The characteristics of Proposed Standard specifications are described
in RFC 2026 section 4.1.1 as follows:
The entry-level maturity for the standards track is "Proposed
Standard". A specific action by the IESG is required to move a
specification onto the standards track at the "Proposed Standard"
level.
A Proposed Standard specification is generally stable, has resolved
known design choices, is believed to be well-understood, has
received
significant community review, and appears to enjoy enough community
interest to be considered valuable. However, further experience
might result in a change or even retraction of the specification
before it advances.
Usually, neither implementation nor operational experience is
required for the designation of a specification as a Proposed
Standard. However, such experience is highly desirable, and will
usually represent a strong argument in favor of a Proposed Standard
designation.
The IESG may require implementation and/or operational experience
prior to granting Proposed Standard status to a specification that
materially affects the core Internet protocols or that specifies
behavior that may have significant operational impact on the
Internet.
A Proposed Standard should have no known technical omissions with
respect to the requirements placed upon it.

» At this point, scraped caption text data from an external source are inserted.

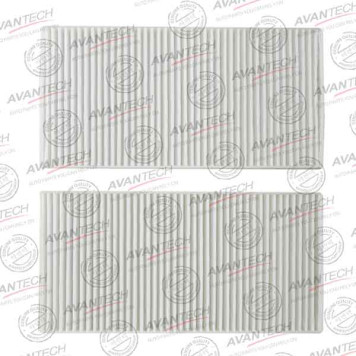 Фильтр салонный AVANTECH CF1115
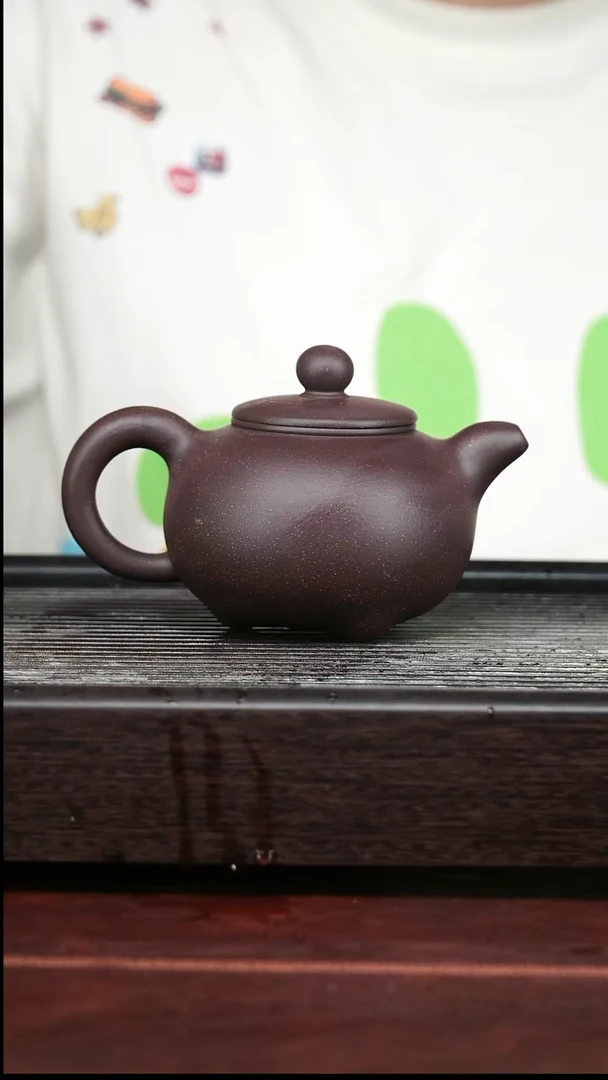 茶壶紫砂精品紫砂壶64.......300CC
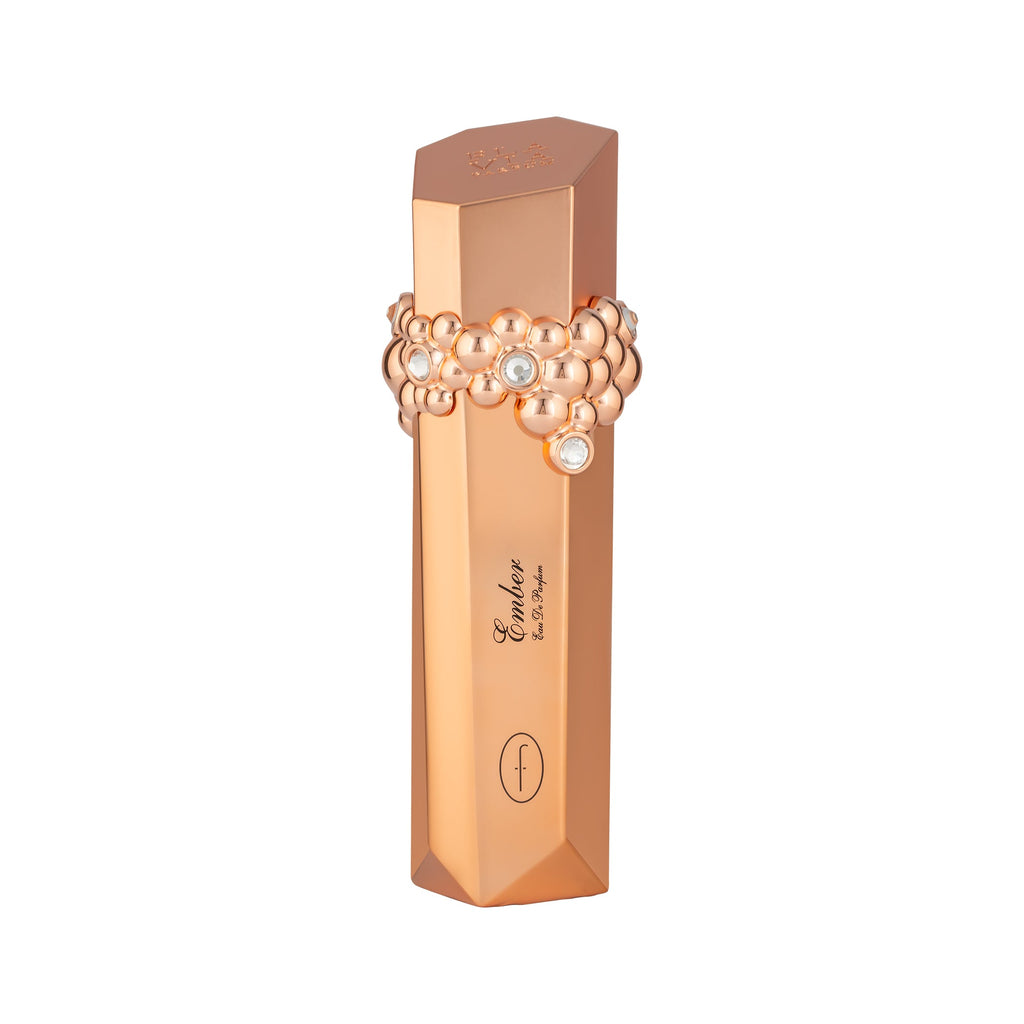 Armaf Flavia Ember EDP 100ml oriental woody fragrance Stone Collection Shop the Latest Online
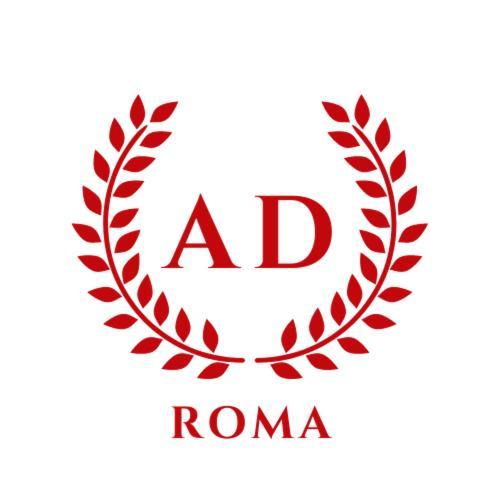 Ad Cavour Luxury Rooms - By Ad Roma מראה חיצוני תמונה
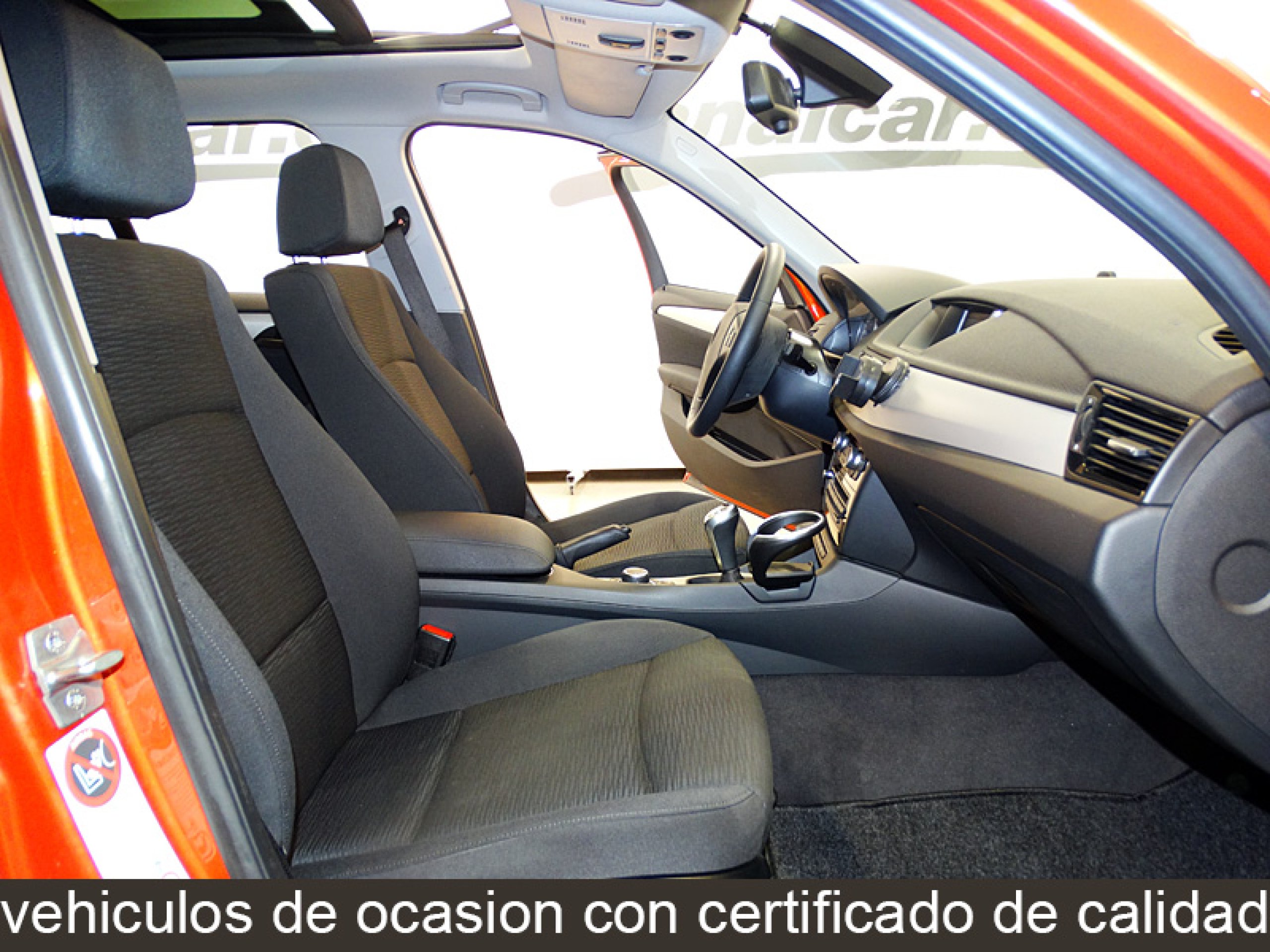 Foto Bmw X1 21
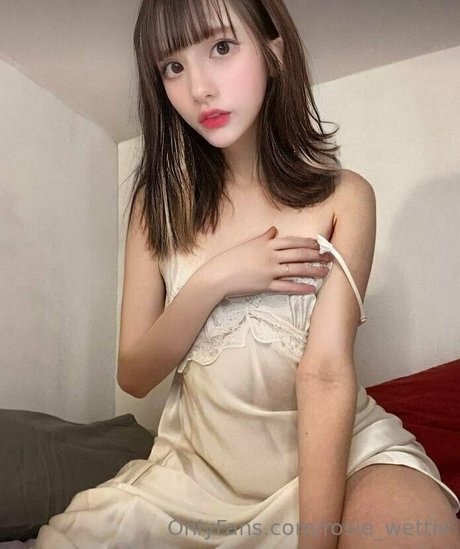 rosie wettie onlyfans leaked dirtyship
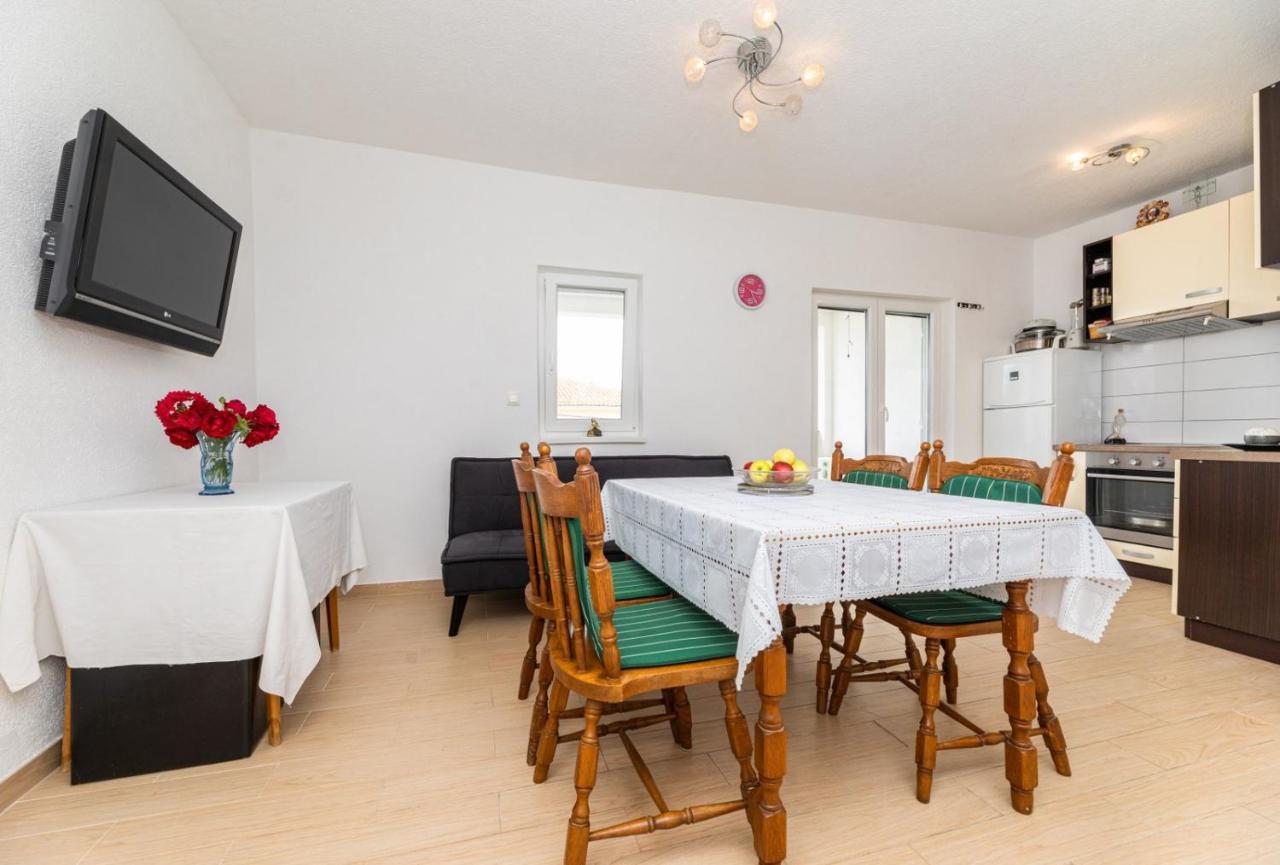 Apartmani Jasarevic Silo  Ngoại thất bức ảnh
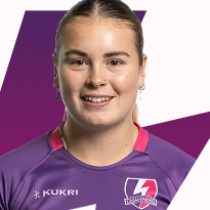 Ellie Tromans rugby player
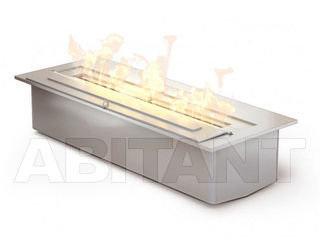Биокамин Eco Smart Fire Burner Kits XL500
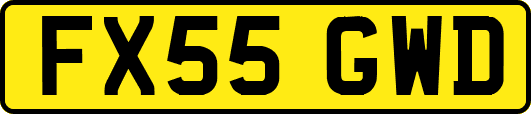 FX55GWD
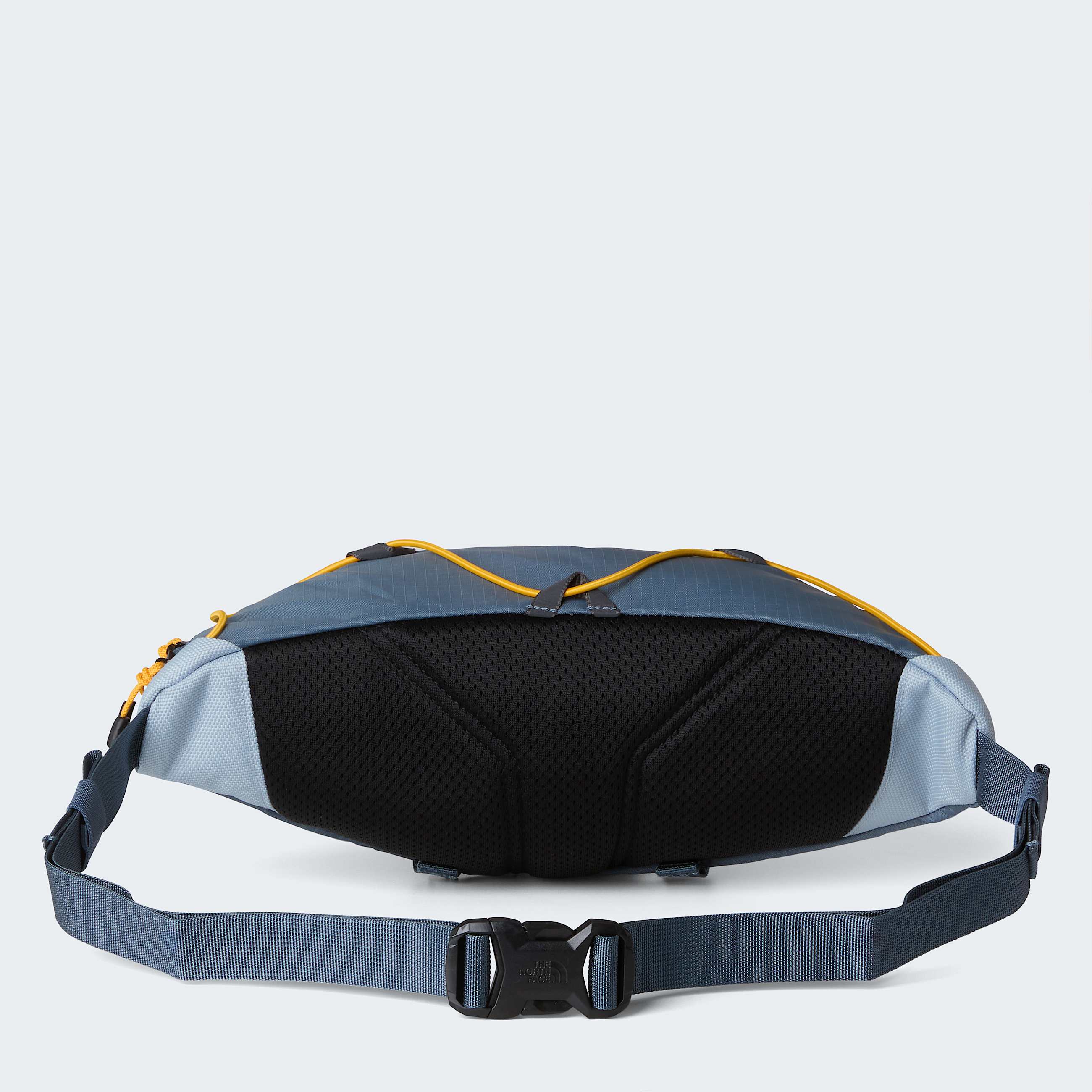 Terra 3LiterHfttasche TNF Granite GreyFrost GreySummit Gold ALT2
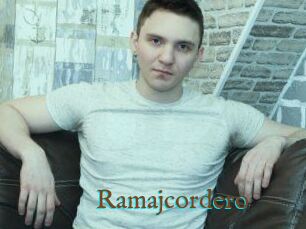 Ramajcordero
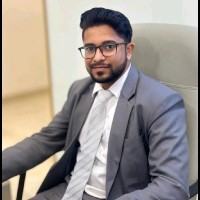 Syed Mohammed Salahuddin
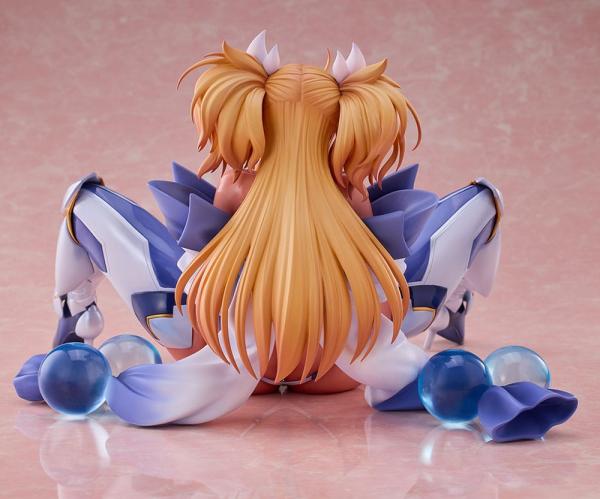 Taimanin RPGX PVC Statue 1/6 Kirara Onisaki Tanned Ver. 18 cm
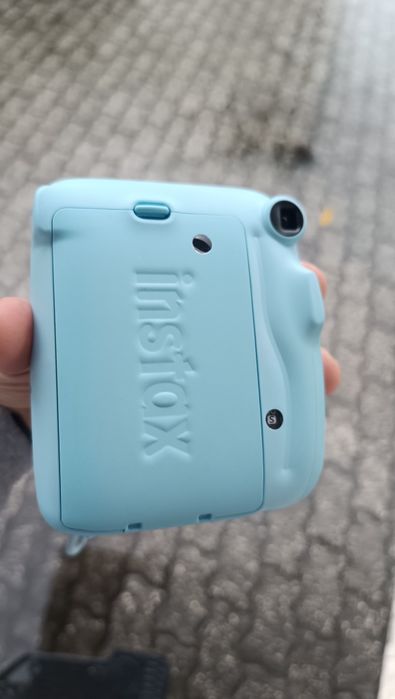 Instax mini 11 azul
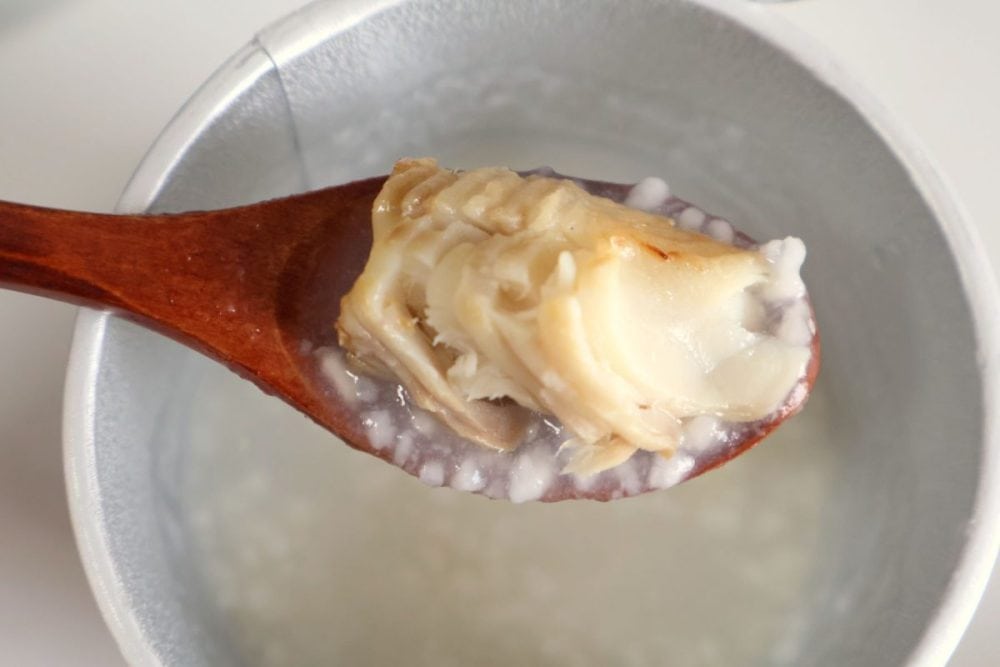 おかゆとの相性も抜群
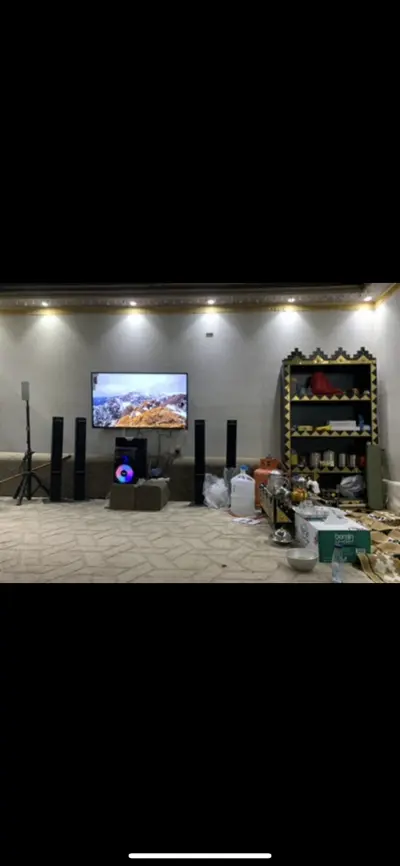 صورة ٤، مخيم الياقوت الشتوي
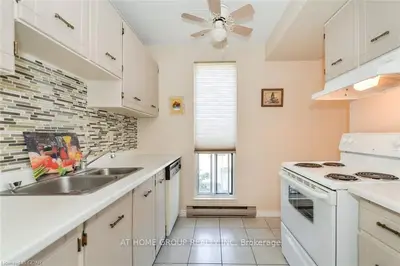 9 Ajax Street 405, Guelph, On N1h 2a9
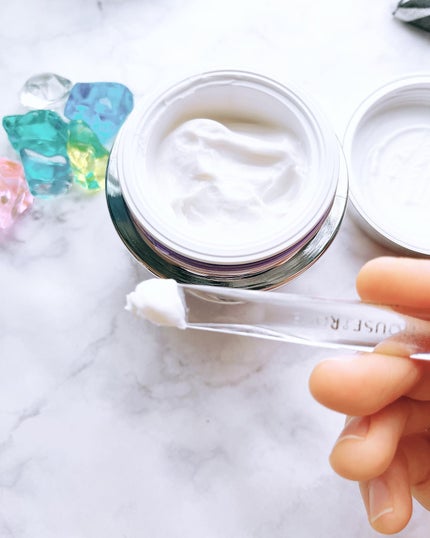 レネルジー HPN クリーム/LANCOME/フェイスクリームを使ったクチコミ(3枚目)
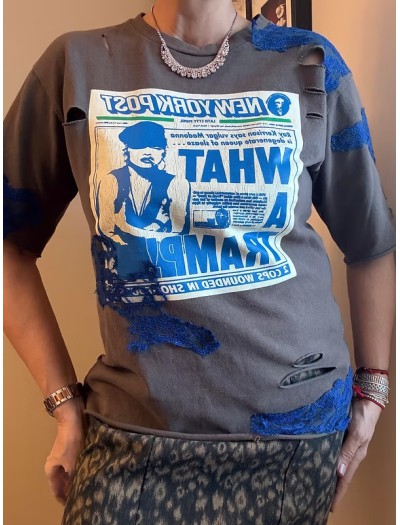 Design (Korean) Sweatshirt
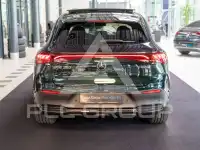 2024 Mercedes Benz EQE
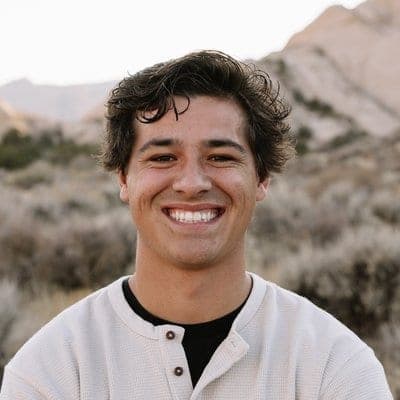 Kayden Palmer, REALTOR®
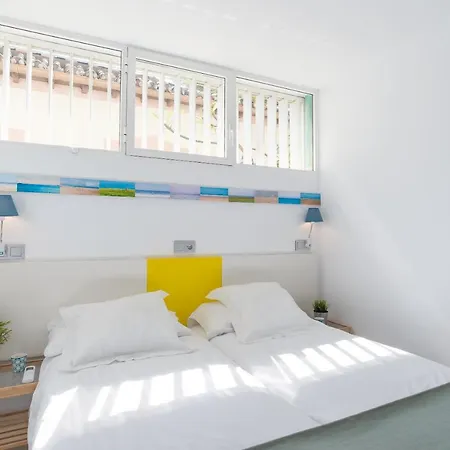 Pedregalejo, Casita Cerca Del Mar アパート *
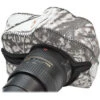 LensCoat BodyGuard Camera Case (Realtree AP Snow)(Lenscoat Bodyguard Camera Case Realtree Ap Snow)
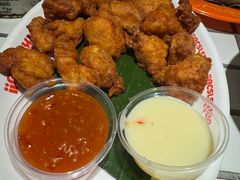 -碌碌发·东南亚风味烧烤档(体育西店)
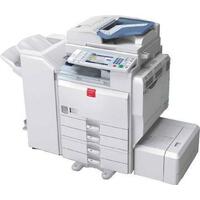 Ricoh mp c2011 тумба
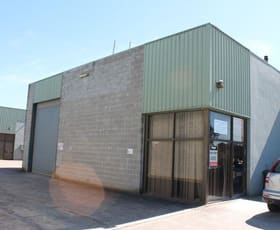 Factory, Warehouse & Industrial commercial property leased at 9/4-8 Tower Court Noble Park VIC 3174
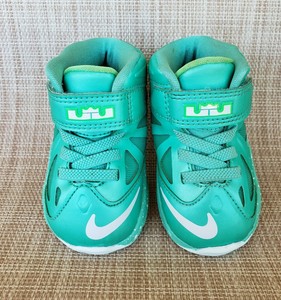infant lebron shoes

However, the IESG may
waive this requirement in order to allow a specification to advance
to the Proposed Standard state when it is considered to be
useful and
necessary (and timely) even with known technical omissions.
Implementors should treat Proposed Standards as immature
specifications. It is desirable to implement them in order to gain
experience and to validate, test, and clarify the specification.
However, since the content of Proposed Standards may be changed if
problems are found or better solutions are identified, deploying
implementations of such standards into a disruption-sensitive
environment is not recommended.
Our judgement is that ICE meets these requirements, and that there is
general working group consensus to request publication. Accordingly,
our intention is to proceed as we previously announced, and request
that ICE be published as a Proposed Standard RFC.